Indeed. It's one of the problems with retaining the emitter follower, but a replacement transformer is an expense that would have to wait its turn. I am kind of surprised that they didn't use the same transformer that's in the tube mics, actually, but I guess manufacturing a second, but cheaper transformer, is cheaper than making more of the more expensive transformers.

Interesting post ... looks like the Monoprice microphone body. That's hilarious that the other circuitboard was "superfluous" -- why screw in a second PCB if it doesn't have any components!?
 
Actually, i think i recall seeing some passive components having been mounted on that board. Most likely, as in the case of the "blank" boards in my 2200A's, purely for mechanical support? A single PCB screwed onto those rails might've been too flimsy, even for cheap chinese stuff... :D
 
midwayfair said:
Can someone clarify for me how the u87 gets an out-of-phase signal when the rear membrane is not the reverse polarity of the front membrane but just at half its polarization voltage and/or what role the second backplate plays there? If I can understand that then I will first try the simplified u87's switching, which is just a few extra parts.
Having two separate backplates means you can polarise the two capsules completely independently. The ELA-M251 was one of the earlier mics to use this scheme.

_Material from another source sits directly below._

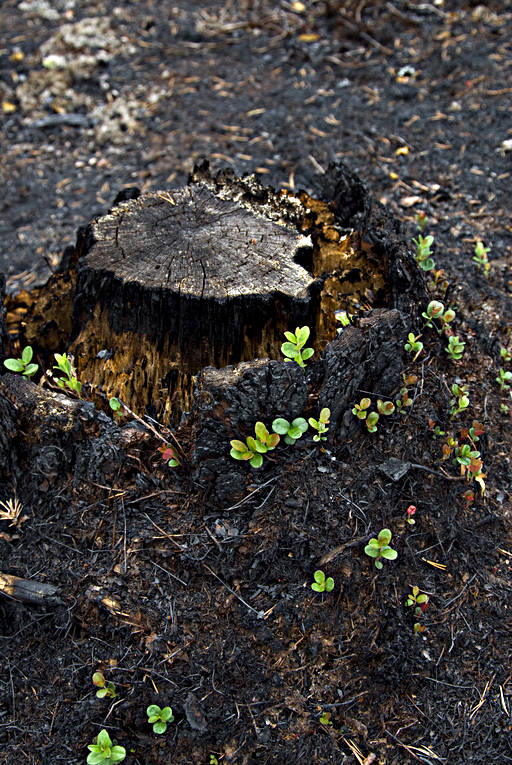 burnt, burnt, cowberry sprigs, environment, fire, forest fire, forest land, forestry, nature, regrowth, stub, snag, stump, woodland, work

Zero on the backplate and positive on the diaphragm gives one polarity while positive on the backplate and zero on the diaphragm gives the other polarity.

If you share a common backplate between 2 diaphragms then you can't do this and have to use double or negative voltages on one diaphragm to get a phase invert.
 
Matt Nolan said:
midwayfair said:
Can someone clarify for me how the u87 gets an out-of-phase signal when the rear membrane is not the reverse polarity of the front membrane but just at half its polarization voltage and/or what role the second backplate plays there? If I can understand that then I will first try the simplified u87's switching, which is just a few extra parts.
Having two separate backplates means you can polarise the two capsules completely independently. The ELA-M251 was one of the earlier mics to use this scheme.

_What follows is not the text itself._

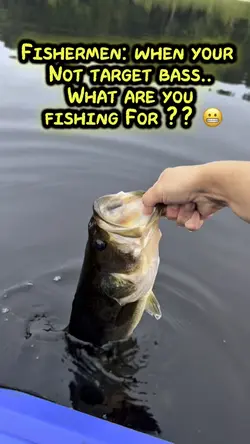 What are you fishing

Zero on the backplate and positive on the diaphragm gives one polarity while positive on the backplate and zero on the diaphragm gives the other polarity.

If you share a common backplate between 2 diaphragms then you can't do this and have to use double or negative voltages on one diaphragm to get a phase invert.

Thanks for the explanation. :)
 
Khron said:
After a bit more browsing, i came across this (scroll down to the second schematic):

http://audioimprov.com/AudioImprov/Mics/Entries/2015/12/20_Modding_a_BM-800_Mic.html

The top ~half is exactly what you're aiming for, i believe, including pattern switching :) Read the description below that if some parts of the circuitry look odd to you.

That's a good and simple circuit. But it lookes like it works off 9v. The caps are bigger, but I might be able to deal with that. I'll work up a little layout for it after I find some reading materiaal that describes how the circuit works. I think someone linked to it in another thread, where I asked how the 87ai got its voltage.